§ Data to process:
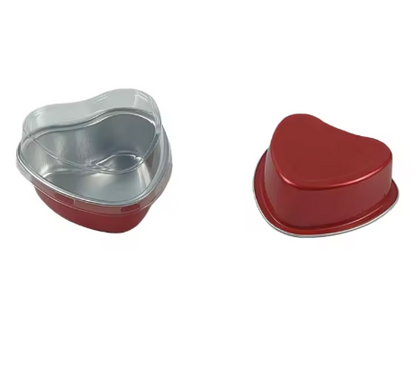 Heart-Shaped Foil Baking Cups, 12 Count | Red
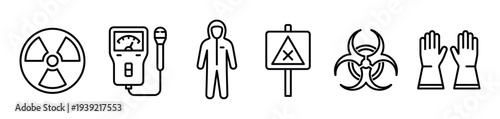 Hazardous materials and safety equipment icon set showing radiation and biohazard symbols, a Geiger counter, a person in a hazmat suit, a warning sign, and protective gloves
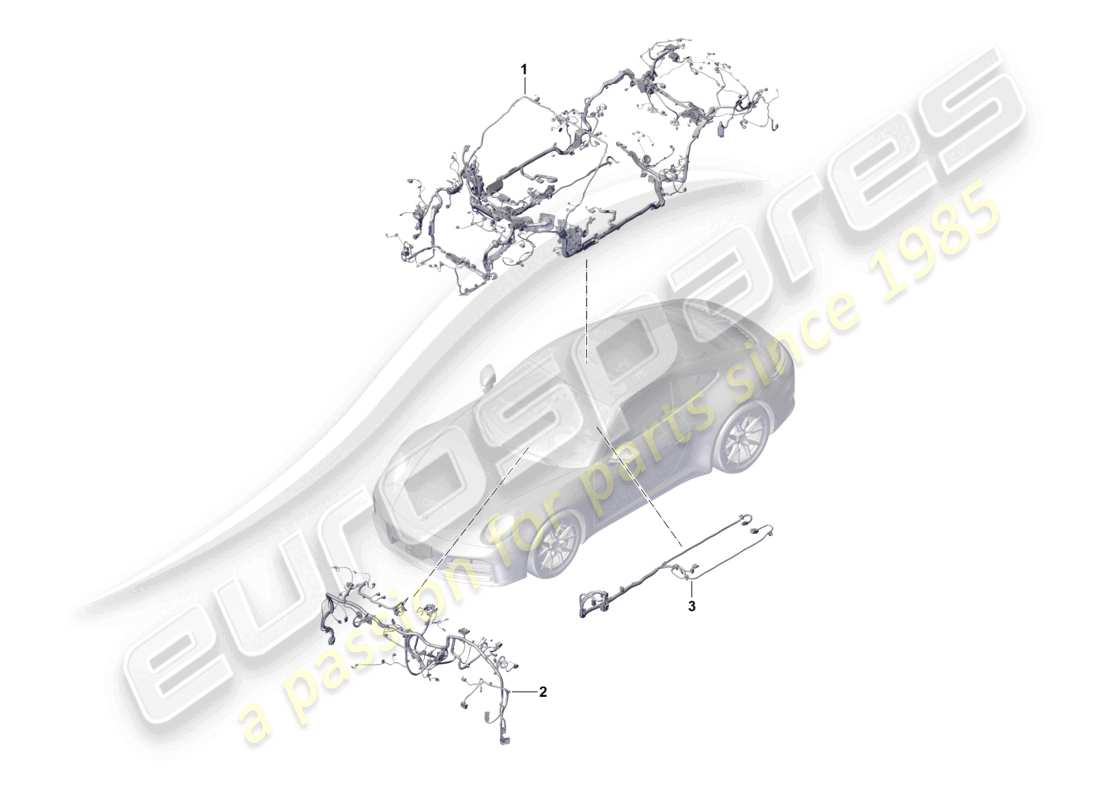 porsche 2024 (992-2) conjunto de cables para el compartimento de pasajeros y el arnés de cableado del tablero para el diagrama de piezas de la consola central
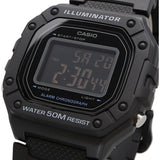 W-218 Casio Reloj Digital Pulsera de Caucho para Hombre y Mujer Illuminator con Cronógrafo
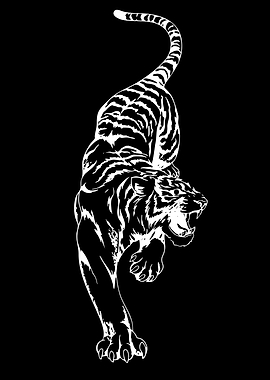 Stalking Tiger Silhouette Graphic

§ Aim of the exercise: With the pictures removed, set down every line of the listing above exactly.

§ Exercise result:
 Heart-Shaped Foil Baking Cups, 12 Count | Red
 Hazardous materials and safety equipment icon set showing radiation and biohazard symbols, a Geiger counter, a person in a hazmat suit, a warning sign, and protective gloves
 porsche 2024 (992-2) conjunto de cables para el compartimento de pasajeros y el arnés de cableado del tablero para el diagrama de piezas de la consola central
 W-218 Casio Reloj Digital Pulsera de Caucho para Hombre y Mujer Illuminator con Cronógrafo
 Stalking Tiger Silhouette Graphic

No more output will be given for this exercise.